* [What needs to be done] Word for word, restate the lines of the data below between those holding "独占市場での利潤最大化行動・" and "Характеристики установки. Техническая", inclusive; pictures do not belong in the copy.

* [Data to process]
-*-*-
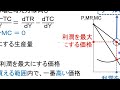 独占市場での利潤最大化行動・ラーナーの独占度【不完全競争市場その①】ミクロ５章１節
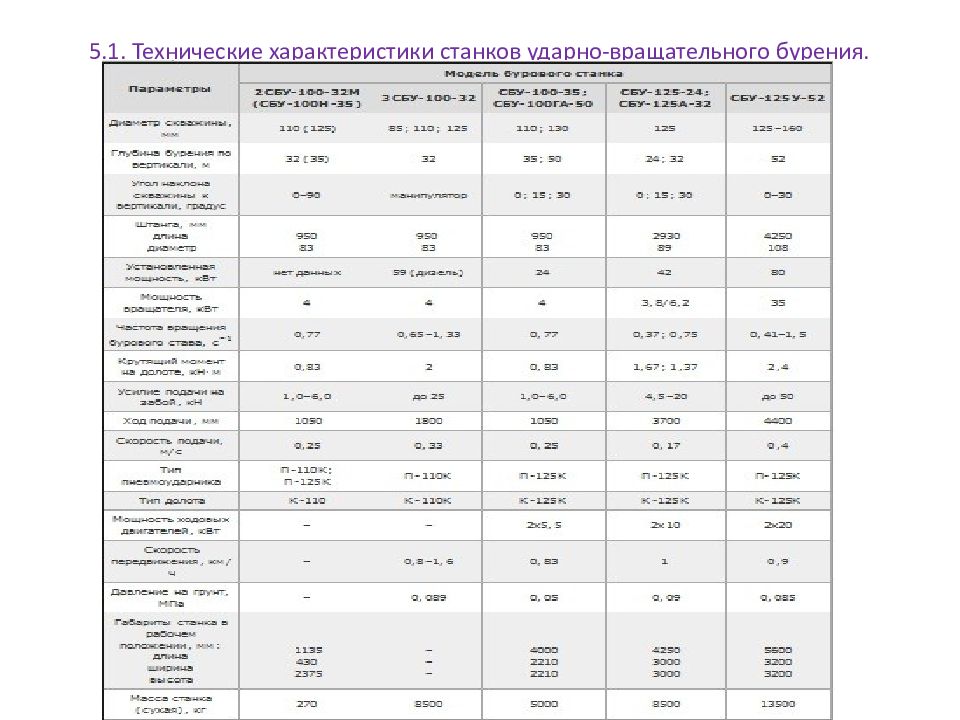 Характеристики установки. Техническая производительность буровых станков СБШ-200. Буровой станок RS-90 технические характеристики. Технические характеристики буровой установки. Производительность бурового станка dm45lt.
-*-*-
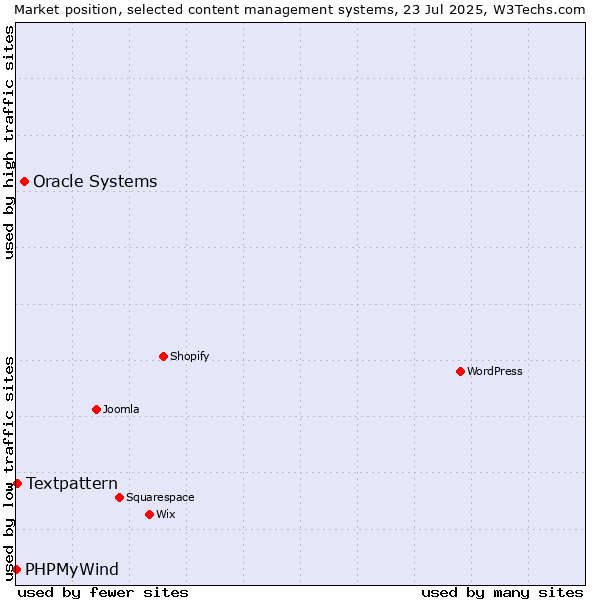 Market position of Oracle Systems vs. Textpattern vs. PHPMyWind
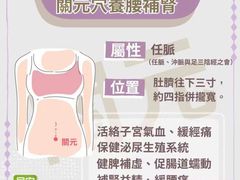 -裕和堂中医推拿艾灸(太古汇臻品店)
-*-*-
* [Solution to the problem]
 独占市場での利潤最大化行動・ラーナーの独占度【不完全競争市場その①】ミクロ５章１節
 Характеристики установки. Техническая производительность буровых станков СБШ-200. Буровой станок RS-90 технические характеристики. Технические характеристики буровой установки. Производительность бурового станка dm45lt.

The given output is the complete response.